Directions:
Span requested from the data below: the line with "Microphone closeup on" through the line with "Bunch of different", both included. Give only these lines again, exactly, and leave every picture out.

Recorded data
----------
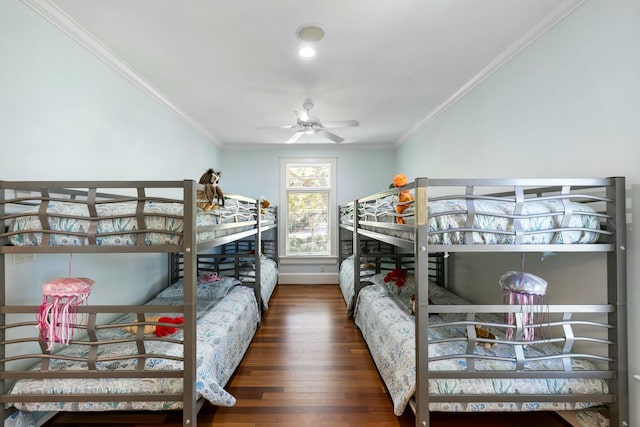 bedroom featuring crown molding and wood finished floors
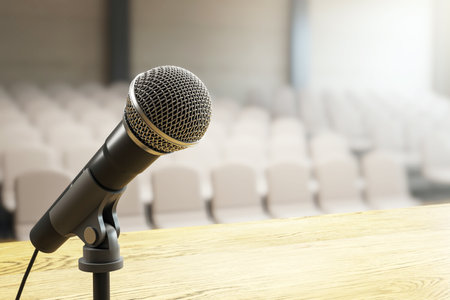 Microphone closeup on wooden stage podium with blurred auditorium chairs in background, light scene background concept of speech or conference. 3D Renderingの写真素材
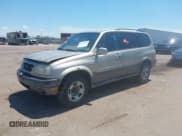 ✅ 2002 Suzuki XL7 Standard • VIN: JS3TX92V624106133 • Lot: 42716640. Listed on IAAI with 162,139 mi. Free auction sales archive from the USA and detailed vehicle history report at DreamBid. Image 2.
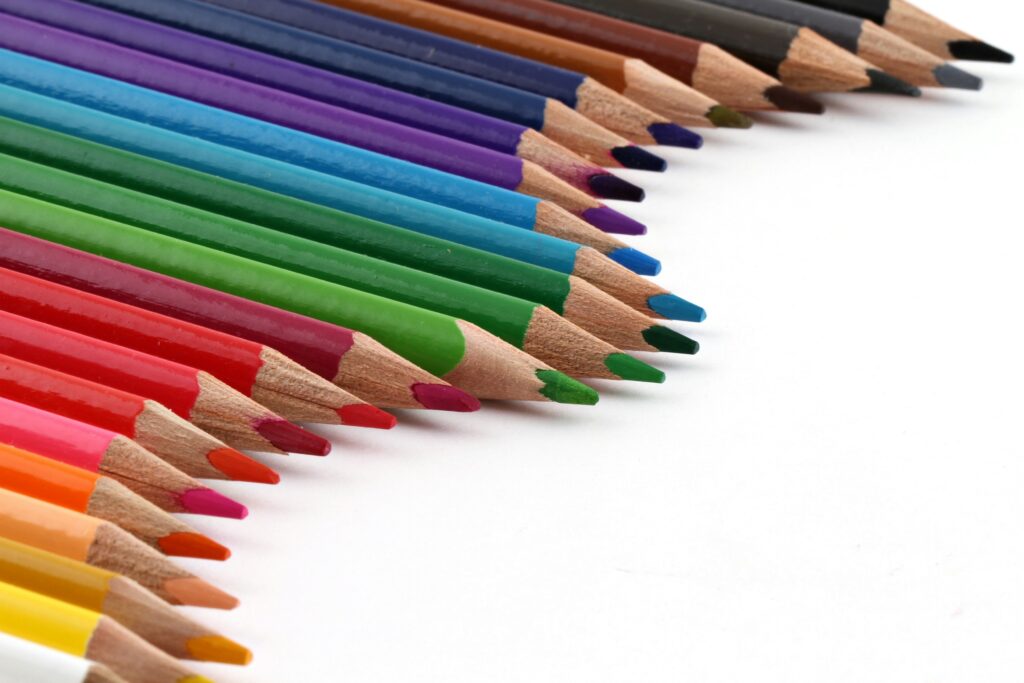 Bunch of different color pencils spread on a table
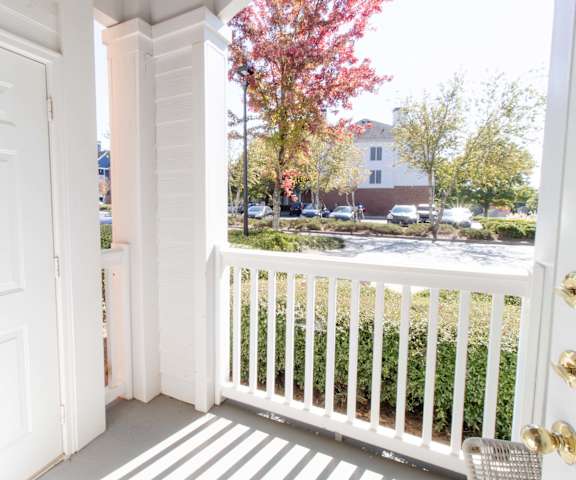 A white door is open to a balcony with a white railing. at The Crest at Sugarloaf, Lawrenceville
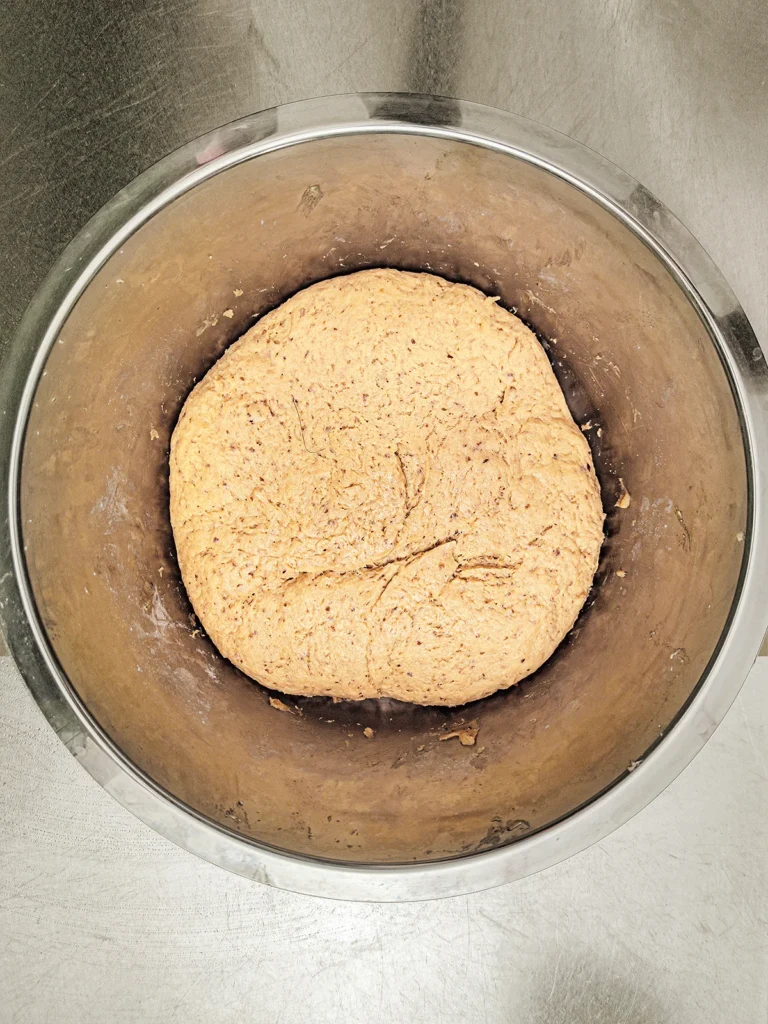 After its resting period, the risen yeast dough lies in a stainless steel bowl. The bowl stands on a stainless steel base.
----------
Written solution:
 Microphone closeup on wooden stage podium with blurred auditorium chairs in background, light scene background concept of speech or conference. 3D Renderingの写真素材
 ✅ 2002 Suzuki XL7 Standard • VIN: JS3TX92V624106133 • Lot: 42716640. Listed on IAAI with 162,139 mi. Free auction sales archive from the USA and detailed vehicle history report at DreamBid. Image 2.
 Bunch of different color pencils spread on a table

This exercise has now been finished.